* **Exercise prompt**
From the first line of the entries below to the line with "Kennel Cough for", give each line again exactly.

━━━ Available data ━━━

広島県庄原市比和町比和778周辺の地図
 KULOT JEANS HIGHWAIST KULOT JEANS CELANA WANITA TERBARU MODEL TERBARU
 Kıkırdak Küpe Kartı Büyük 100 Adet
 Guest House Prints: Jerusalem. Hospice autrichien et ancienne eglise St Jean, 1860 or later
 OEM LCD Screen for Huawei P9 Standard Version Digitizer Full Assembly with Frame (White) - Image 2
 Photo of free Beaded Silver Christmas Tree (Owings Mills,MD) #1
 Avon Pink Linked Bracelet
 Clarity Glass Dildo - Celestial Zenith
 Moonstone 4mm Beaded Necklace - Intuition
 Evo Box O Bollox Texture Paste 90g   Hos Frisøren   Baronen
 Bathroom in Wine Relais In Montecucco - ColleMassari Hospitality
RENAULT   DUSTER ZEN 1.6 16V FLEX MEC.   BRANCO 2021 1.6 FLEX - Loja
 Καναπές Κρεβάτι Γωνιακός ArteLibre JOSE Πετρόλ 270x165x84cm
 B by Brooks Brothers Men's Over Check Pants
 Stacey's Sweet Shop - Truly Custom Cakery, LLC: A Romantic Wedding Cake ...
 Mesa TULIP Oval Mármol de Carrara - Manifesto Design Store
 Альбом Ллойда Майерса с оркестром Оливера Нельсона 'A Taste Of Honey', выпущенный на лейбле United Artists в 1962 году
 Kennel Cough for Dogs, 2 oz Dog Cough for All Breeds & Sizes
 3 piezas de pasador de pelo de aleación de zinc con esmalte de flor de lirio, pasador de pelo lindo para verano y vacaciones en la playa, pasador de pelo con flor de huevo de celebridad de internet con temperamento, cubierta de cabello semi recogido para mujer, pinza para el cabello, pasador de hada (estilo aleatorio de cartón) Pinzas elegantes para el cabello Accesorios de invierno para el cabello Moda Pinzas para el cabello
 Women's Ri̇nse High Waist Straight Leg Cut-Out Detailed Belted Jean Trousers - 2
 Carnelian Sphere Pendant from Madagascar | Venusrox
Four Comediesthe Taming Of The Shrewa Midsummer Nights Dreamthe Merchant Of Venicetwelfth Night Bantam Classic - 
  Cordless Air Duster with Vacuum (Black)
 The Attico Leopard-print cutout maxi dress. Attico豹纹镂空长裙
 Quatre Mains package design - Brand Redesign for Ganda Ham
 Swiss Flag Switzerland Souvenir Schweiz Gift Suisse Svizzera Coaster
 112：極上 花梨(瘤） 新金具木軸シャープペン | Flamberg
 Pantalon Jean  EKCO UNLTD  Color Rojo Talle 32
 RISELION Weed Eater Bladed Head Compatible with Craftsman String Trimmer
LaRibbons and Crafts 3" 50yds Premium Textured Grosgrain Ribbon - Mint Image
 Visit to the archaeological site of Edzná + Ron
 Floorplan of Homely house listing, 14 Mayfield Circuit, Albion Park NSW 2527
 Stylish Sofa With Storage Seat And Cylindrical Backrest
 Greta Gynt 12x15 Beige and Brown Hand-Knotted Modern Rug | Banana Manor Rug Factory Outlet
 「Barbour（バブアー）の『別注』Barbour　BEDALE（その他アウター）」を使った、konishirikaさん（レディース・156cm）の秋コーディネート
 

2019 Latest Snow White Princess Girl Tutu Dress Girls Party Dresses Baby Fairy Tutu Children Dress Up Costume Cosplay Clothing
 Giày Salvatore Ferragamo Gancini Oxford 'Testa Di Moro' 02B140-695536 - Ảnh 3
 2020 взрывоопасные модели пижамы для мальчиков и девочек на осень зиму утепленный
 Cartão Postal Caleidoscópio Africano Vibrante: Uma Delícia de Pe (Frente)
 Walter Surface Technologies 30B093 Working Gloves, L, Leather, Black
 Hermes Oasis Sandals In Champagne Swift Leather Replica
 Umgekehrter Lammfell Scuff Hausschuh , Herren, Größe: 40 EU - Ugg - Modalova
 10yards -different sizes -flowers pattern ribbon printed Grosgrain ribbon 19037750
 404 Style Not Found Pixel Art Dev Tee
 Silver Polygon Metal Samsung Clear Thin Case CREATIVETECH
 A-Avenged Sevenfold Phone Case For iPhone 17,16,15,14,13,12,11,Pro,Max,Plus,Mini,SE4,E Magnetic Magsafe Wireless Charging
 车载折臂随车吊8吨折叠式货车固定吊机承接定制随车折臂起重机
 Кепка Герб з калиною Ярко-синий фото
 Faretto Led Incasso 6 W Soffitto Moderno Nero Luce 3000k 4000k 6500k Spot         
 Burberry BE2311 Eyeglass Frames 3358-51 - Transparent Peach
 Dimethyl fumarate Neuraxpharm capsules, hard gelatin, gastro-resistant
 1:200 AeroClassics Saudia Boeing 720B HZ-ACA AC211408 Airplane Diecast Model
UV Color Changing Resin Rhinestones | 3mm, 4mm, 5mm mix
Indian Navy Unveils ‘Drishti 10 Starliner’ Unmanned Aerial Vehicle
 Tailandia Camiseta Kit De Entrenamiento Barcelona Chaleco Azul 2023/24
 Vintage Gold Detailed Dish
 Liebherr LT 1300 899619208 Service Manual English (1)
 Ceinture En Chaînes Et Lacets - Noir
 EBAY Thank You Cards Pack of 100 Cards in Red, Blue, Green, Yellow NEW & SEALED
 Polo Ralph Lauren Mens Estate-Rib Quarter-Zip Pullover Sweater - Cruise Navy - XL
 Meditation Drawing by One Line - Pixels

━━━

* **Task output**
広島県庄原市比和町比和778周辺の地図
 KULOT JEANS HIGHWAIST KULOT JEANS CELANA WANITA TERBARU MODEL TERBARU
 Kıkırdak Küpe Kartı Büyük 100 Adet
 Guest House Prints: Jerusalem. Hospice autrichien et ancienne eglise St Jean, 1860 or later
 OEM LCD Screen for Huawei P9 Standard Version Digitizer Full Assembly with Frame (White) - Image 2
 Photo of free Beaded Silver Christmas Tree (Owings Mills,MD) #1
 Avon Pink Linked Bracelet
 Clarity Glass Dildo - Celestial Zenith
 Moonstone 4mm Beaded Necklace - Intuition
 Evo Box O Bollox Texture Paste 90g   Hos Frisøren   Baronen
 Bathroom in Wine Relais In Montecucco - ColleMassari Hospitality
RENAULT   DUSTER ZEN 1.6 16V FLEX MEC.   BRANCO 2021 1.6 FLEX - Loja
 Καναπές Κρεβάτι Γωνιακός ArteLibre JOSE Πετρόλ 270x165x84cm
 B by Brooks Brothers Men's Over Check Pants
 Stacey's Sweet Shop - Truly Custom Cakery, LLC: A Romantic Wedding Cake ...
 Mesa TULIP Oval Mármol de Carrara - Manifesto Design Store
 Альбом Ллойда Майерса с оркестром Оливера Нельсона 'A Taste Of Honey', выпущенный на лейбле United Artists в 1962 году
 Kennel Cough for Dogs, 2 oz Dog Cough for All Breeds & Sizes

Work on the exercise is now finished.